Зрелость, зрелость подступает к двадцатитрехлетнему молодому поэту. Он заглядывает себе в душу, в самую глубину ее. Он глядит взглядом философа, человека, умудренного опытом. Опыт недолгих лет откладывался в нем необычайно отчетливо, необычайно ярко. Образы в душе его сохранялись долго, чтобы ожить потом под кончиком его пера.
Поэт думает, думает, думает… «Гляжу на будущность с боязнью, гляжу на прошлое с тоской и, как преступник перед казнью, ищу кругом души родной…» Он говорит это о себе. Но разве только о себе? Не все ли человечество глаголет его устами? Не со всего ли света тревога стекается к нему, чтобы потом излиться великими стихами?

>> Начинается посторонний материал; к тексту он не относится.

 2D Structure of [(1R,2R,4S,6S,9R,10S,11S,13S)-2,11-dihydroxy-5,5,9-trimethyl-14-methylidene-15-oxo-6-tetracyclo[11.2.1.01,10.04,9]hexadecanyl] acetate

Если вдруг – по недоразумению или незнанию, вольно или невольно – мы пожелаем связать каждое стихотворение Лермонтова с конкретным происшествием и не обратим внимания на широкое обобщение в его произведениях, то мы совершим большую, непростительную ошибку. Верно, «Узник» написан в связи с арестом. В этом проявляется поэтическая «конкретность» стихотворения. Но простое, казалось бы, явление реальной жизни стало явлением высокого поэтического взлета, и время над стихами перестало властвовать. Тема вобрала ту «вечность», которой помечены самые высокие творения человеческого духа…
А теперь такой вопрос: что лучшее в русской прозе о войне 1812 года? Вы скажете: «Война и мир» Толстого. Верно. А в поэзии? Так же не задумываясь вы скажете: «Бородино» Лермонтова. И это будет очень точно!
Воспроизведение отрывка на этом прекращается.